You’ll likely come up with a range, and you should put the highest number in that range that applies, based on your experience, education, and skills. And yes, that’s a little aggressive—but bear with me.
Next, I recommend writing “(flexible)” or “(negotiable)” next to your number. Now, I realise that making an aggressive initial offer can be a scary proposition. So let me explain the reasoning.
First, when the value of an item is uncertain—as your services to a prospective employer are—the first number you put on the table acts as a strong “anchor” that will pull the negotiation in its direction throughout the entire bargaining process.
Professor Adam Galinsky of the Kellogg School of Business at Northwestern University has explained the anchoring phenomenon this way:
Items being negotiated have both positive and negative qualities—qualities that suggest a higher price and qualities that suggest a lower price. High anchors selectively direct our attention toward an item’s positive attributes while low anchors direct our attention to its flaws.
By stating a salary requirement that is lower than your prospective employer might be willing to pay, you not only cheat yourself out of more money, but you might come across to the employer as unsophisticated or unprepared. By stating a salary higher than they might be willing to pay, you risk little harm, so long as you indicate that your salary requirements are flexible. And at the same time, you are communicating that you already know your skills are valuable.
Just as important as anchoring high, the second benefit of giving a number at the high end of your range is that you give yourself enough room to negotiate if you are offered the job.

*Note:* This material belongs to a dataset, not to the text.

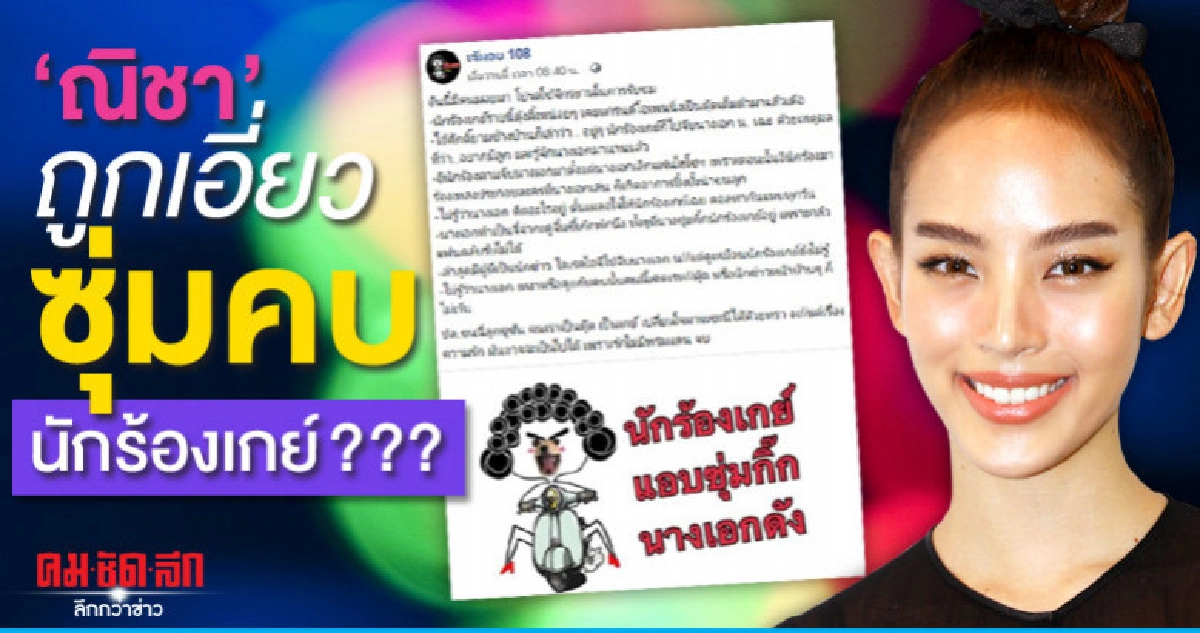 (คลิป) 'ณิชา' ตอบแล้วถูกโยงอักษรย่อซุ่มคบ 'นักร้องเกย์' (คลิป) 'ณิชา' ตอบแล้วถูกโยงอักษรย่อซุ่มคบ 'นักร้องเกย์'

Research has proven that people are happier with the outcome of a negotiation if their bargaining partner starts at point A, but reluctantly concedes her first couple of requirements before saying “yes.” So, by stating an initial salary that leaves room for negotiation (I recommend room for at least three concessions or back-and-forth conversations), you’re more likely to get what you actually want.
The three major pieces of advice on negotiating are these:
Don’t be afraid to be aggressive: Research shows that people typically tend to exaggerate the likelihood of their bargaining partner walking away in response to an aggressive offer and that most negotiators make first offers that aren’t aggressive enough.
Focus on your target price: Determine your best-case-scenario outcome, and focus on that. Negotiators who focus on their target price make more aggressive first offers and ultimately reach more profitable agreements than those who focus on the minimum amount they’d be satisfied with.
Be flexible: Always be willing to concede your first offer. In doing so, you’ll still likely get a profitable deal, and the other side will be pleased with the outcome.
Remember, there’s little to risk if you put the highest number you can justify, but there’s a lot to lose if you don’t.